#### ASSIGNED TASK:
An exact copy of the lines of the listing below between the "Botanical line art" line and the "Blossom I by" line, both included, is the whole answer; please omit the pictures.

#### DATA FOR THIS EXERCISE:
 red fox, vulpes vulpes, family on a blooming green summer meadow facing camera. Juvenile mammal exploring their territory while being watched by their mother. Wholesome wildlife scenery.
* * *
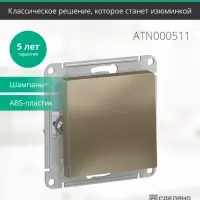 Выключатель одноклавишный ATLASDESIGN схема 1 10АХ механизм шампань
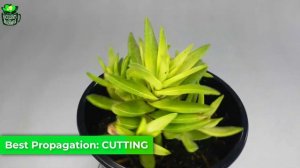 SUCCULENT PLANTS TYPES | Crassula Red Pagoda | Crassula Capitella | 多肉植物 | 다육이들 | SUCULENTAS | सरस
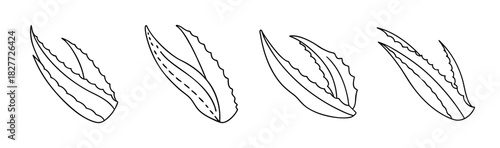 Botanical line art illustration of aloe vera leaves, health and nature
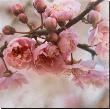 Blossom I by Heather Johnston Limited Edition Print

#### COMPLETED EXERCISE:
 Botanical line art illustration of aloe vera leaves, health and nature
 Blossom I by Heather Johnston Limited Edition Print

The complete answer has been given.